THE GALILEAN MOONS AND THE SPEED OF LIGHT

On 7 January 1610, Galileo Galilei (1564-1642), professor of mathematics at the University of Padua, aimed a new device of some glass lenses mounted in a piece of organ pipe-he called it a “perspicillum”-toward the southeastern sky. There, to the upper right of the gibbous Moon, was Jupiter, a bright dot of light.
With his telescope yielding about 20x magnification, Galileo noted three little stars near Jupiter, one to the west and two to the east of it. The next night all three lay to the west of Jupiter. Two nights later, he saw only two stars, both to the east. This went on for two weeks before Galileo realized he was seeing a total me four worlds orbiting Jupiter. No one had ever seen these bodies before. Today, we know them as the Galileo moons (ganymede, io, callisto, europa)

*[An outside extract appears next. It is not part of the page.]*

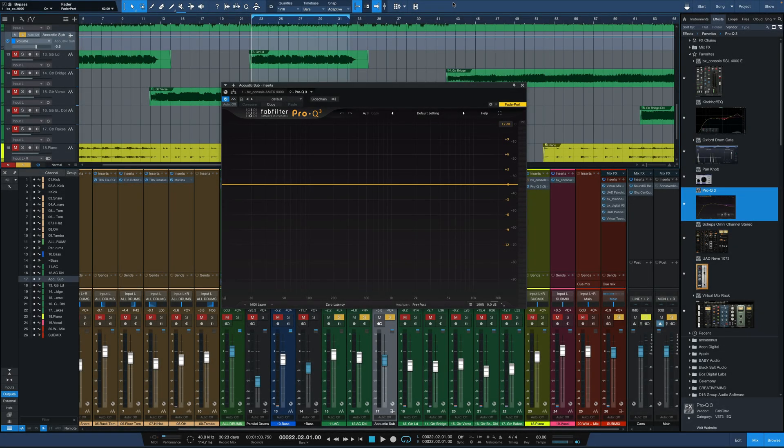Hey everybody, it's Joe from GreenLightSound.com and today I want to talk about one of the basics in audio: high-pass filtering. A couple of topics in high-pass filtering — number one, why we use it; number two, how far to go; and number three, which we're actually going to talk about first, which is why some engineers are against it and don't use it at all.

by the 1670s, astronomers had determined the periods of revolution for the Galilean moons to within seconds of their modern values. But the predictions for when a moon would enter or leave Jupiter’s shadow were often up to several minutes in error. These events seemed to occur earlier when Earth was nearer the Jovian system and later when it was farther away from it. In 1675, Danish astronomer Ole Römer realized these errors arose from the fact that the speed of light was not infinitely quick. As a result of this study involving the Galilean moons, the first scientific determination for the speed of light was made.